This drama reaches its peak in the plight of the Igbo people in Nigeria — a group that has contributed more to this nation through enterprise, creativity, resilience, modernization, and national integration than any other, yet faces treatment as political outcasts, economic threats, and existential burdens.

I. Igbo: a people with only one home on earth

Let us state the bitter truth that many fear to utter:

Of Nigeria’s three major ethnic groups, only the Igbo have no second homeland anywhere in the world.

The Hausa or the Hausa/Fulani have cultural, linguistic, and ethnic extensions across Niger, Chad, Mali, Sudan, and the Sahel belt.

The Yoruba have deep, historic roots in Benin Republic, Togo, even parts of the Caribbean through the Diaspora.

But the Igbo?

They are the genuine indigenous people. The real native population. And of all the three major ethnic groups Igbos was on their land and practiced democracy thousands of years before Greek civilization started tinkering with democracy. That’s why Igbo Monarchs do not weild powers over the people like the other two have over their subjects. In Igboland the King own his subjects and the subjects own him. Igbos are the only race with such traditional and cultural structure.

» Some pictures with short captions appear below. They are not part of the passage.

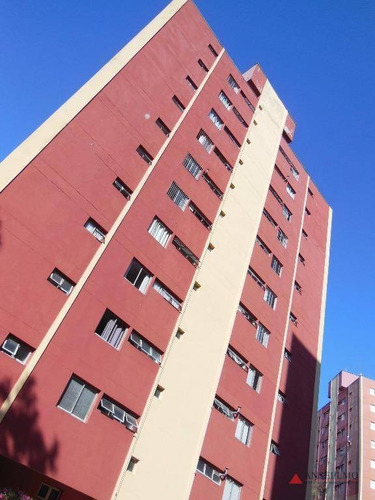Imagem 16 de 22 de Apartamento Com 2 Dormitórios À Venda, 57 M² Por R$ 220.000,00 - Demarchi - São Bernardo Do Campo/sp - Ap1154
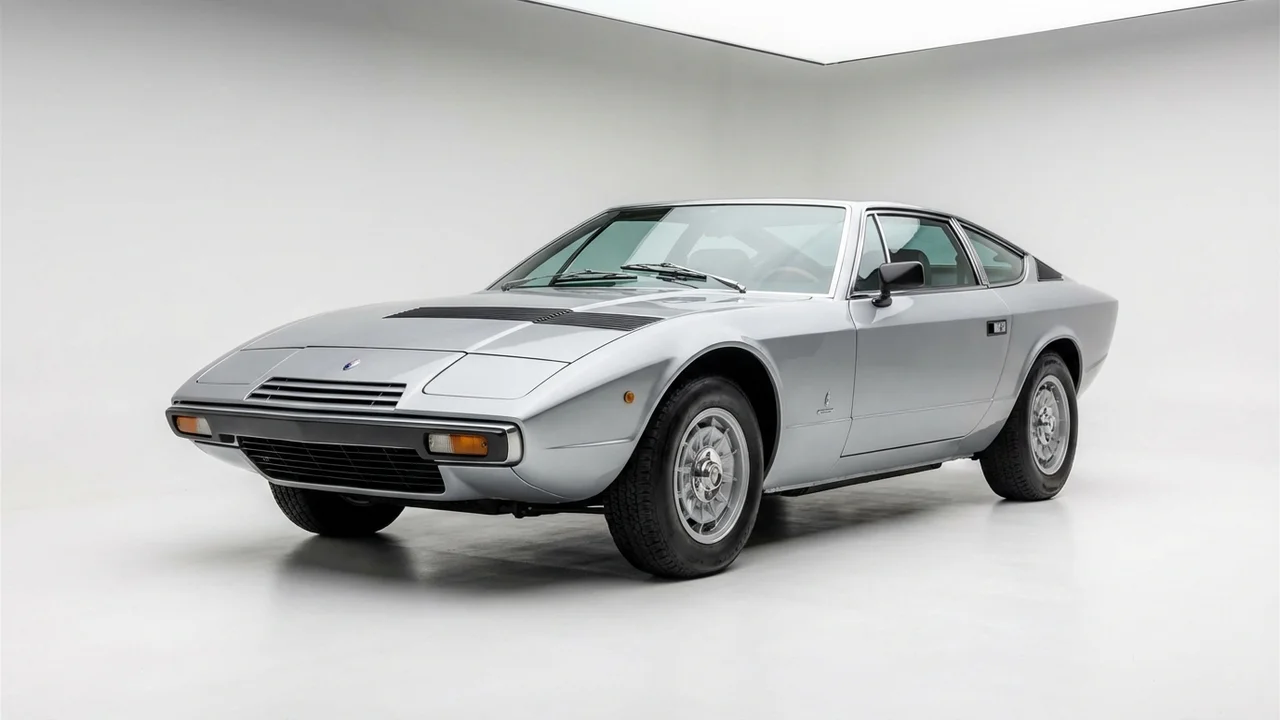 Best Maserati Khamsin Wiper Blades - 1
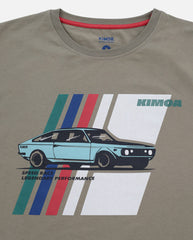Speed Car Racing T-Shirt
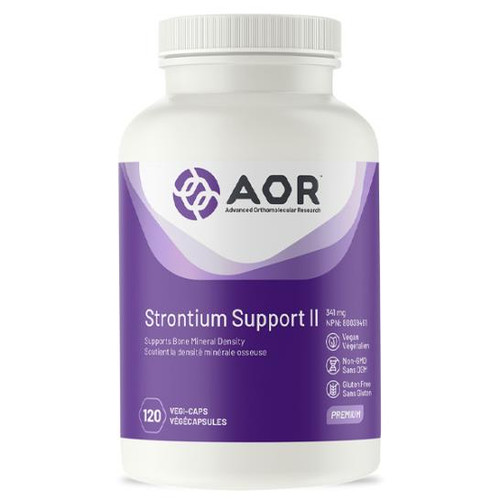 Strontium Support II 120 VCaps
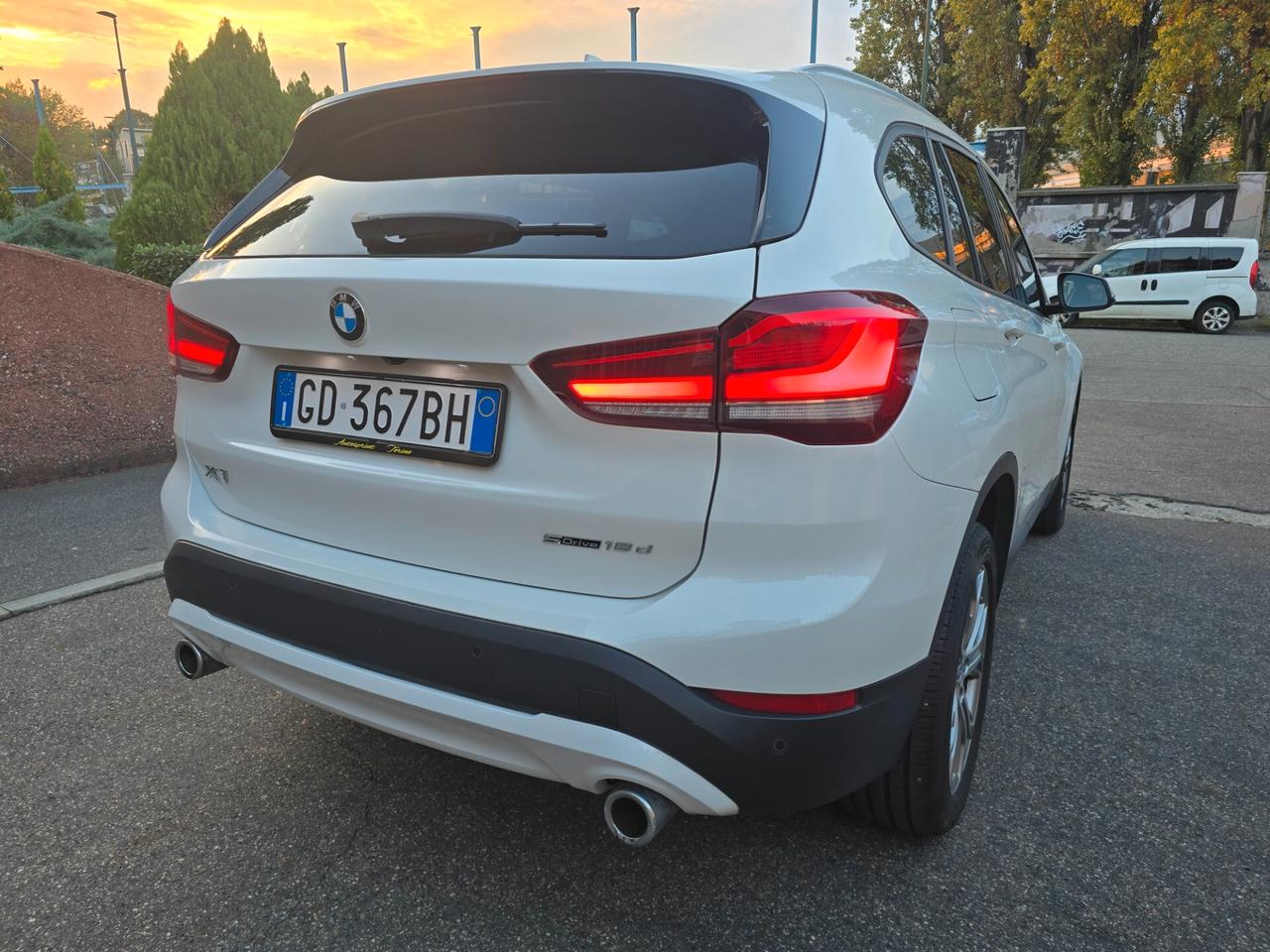 Bmw X1 sDrive18d Business Advantage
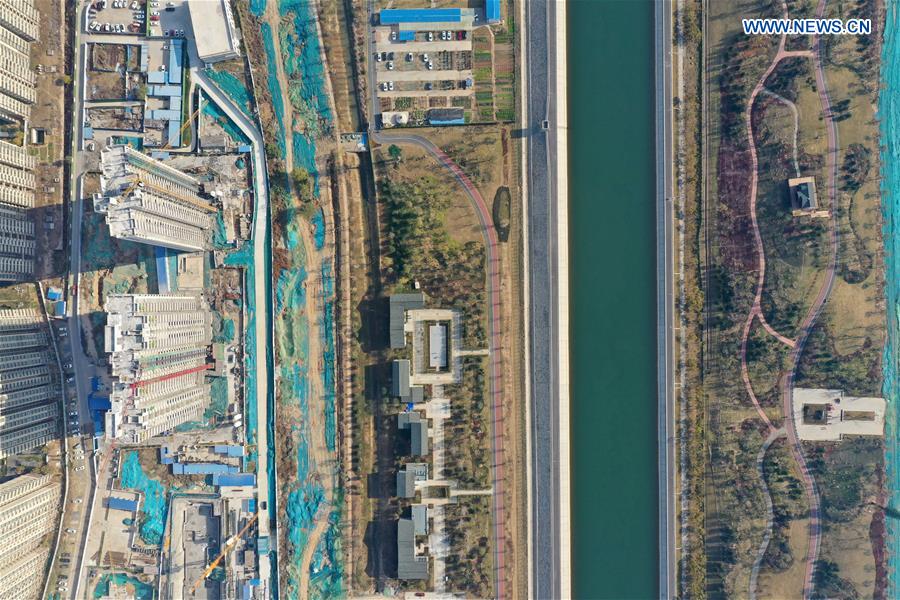 CHINA-HENAN-WATER DIVERSION PROJECT (CN)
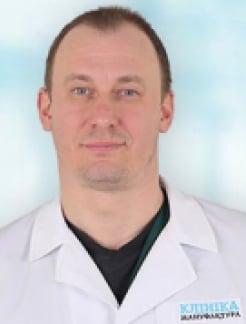 Врач Ортопед-травматолог Марцеха Андрей Владимирович на Doc.ua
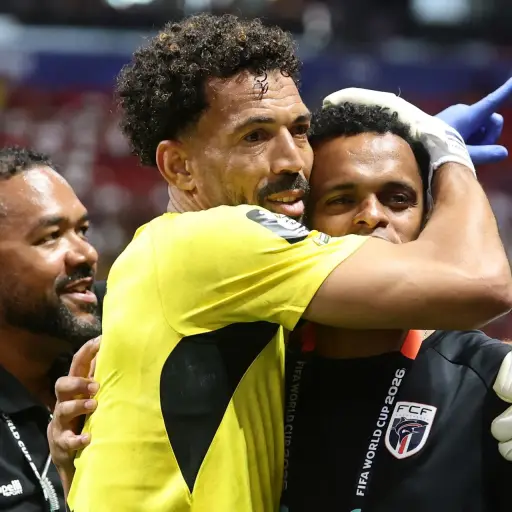 África cuenta con diez representantes en el Mundial 2026 ,EFE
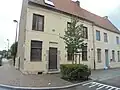 Twee burgerhuizen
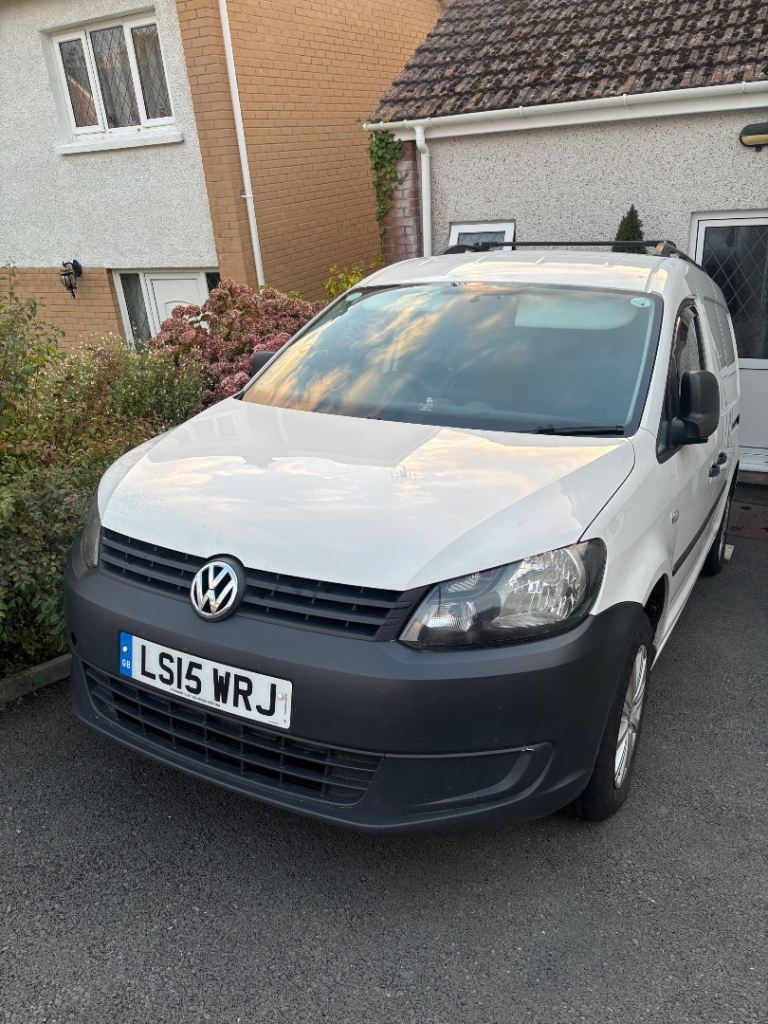 Volkswagen, CADDY, Panel Van, 2015, Manual, 1598 (cc)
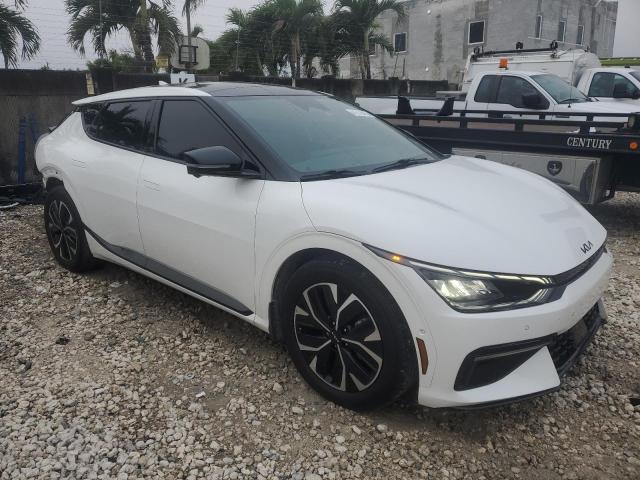 Vin: kndc44la0p5116938, lot: 41772475, kia ev6 gt lin gt line 20234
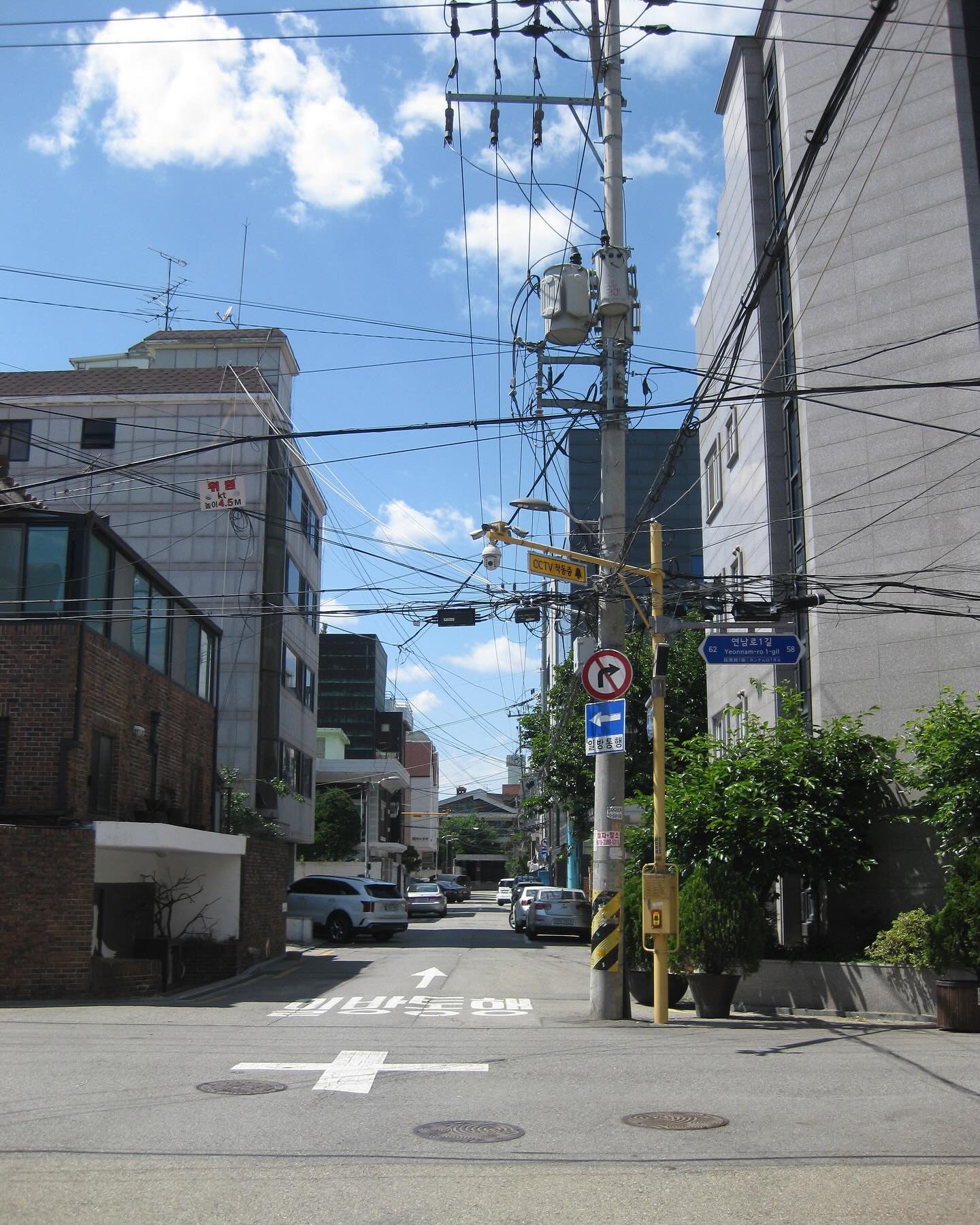 소소한 날들이 오래오래 기억되길☁️
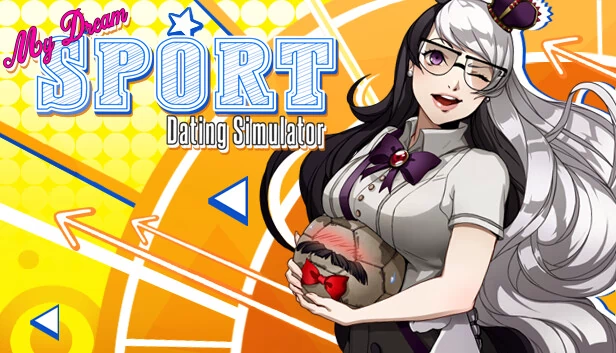 我的梦想体育恋爱模拟器（My Dream Sport Dating Simulator） 游戏封面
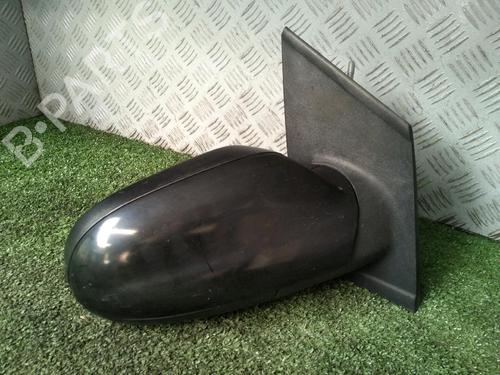 Right mirror VW FOX Hatchback (5Z1, 5Z3, 5Z4) 1.4 TDI | BP18206780C27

Nigeria is the Igbo first, only, and final ancestral territory. They have nowhere else to claim, nowhere else to retreat to, nowhere else to call home outside the geographical and spiritual space of the “Nigerian” federation.

This is what makes the Nigerian hostility toward Igbo not only unjust but existentially cruel, politically reckless, and historically suicidal.

Persecuting a people with only one homeland is like setting fire to the foundation of your own house and laughing as the flames rise.

II. The builders faced attacks from those who reaped rewards from their projects.

From northern saharah to southern savannah; from Lagos to Kano, from Kaduna to Asaba, anywhere an Igbo man touches, turns into a hive of commerce.

It is the Igbo who: turn deserts into districts, swamps into skyscraper zones, rural emptiness into economic nerve centres, dying cities into thundering markets.

No other group in Nigeria transforms space with such speed and intensity.

Yet it is this productive energy that provokes envy masquerading as nationalism.

Suddenly, the builder becomes “dangerous,” the investor becomes “suspicious,” the entrepreneur becomes “a threat to the host community.

Nigeria is possibly the only country where development is treated as provocation, where success is treated as arrogance, and where industry is treated as infiltration — especially when the hand behind it is Igbo.

This is more than just a national madness; it showcases a distinct combination of penis envy and the castration complex. Nevertheless, there is no competition in destiny.

III. The logic of hostility: when fear dresses like federalism it unleashed the beast within man humanity!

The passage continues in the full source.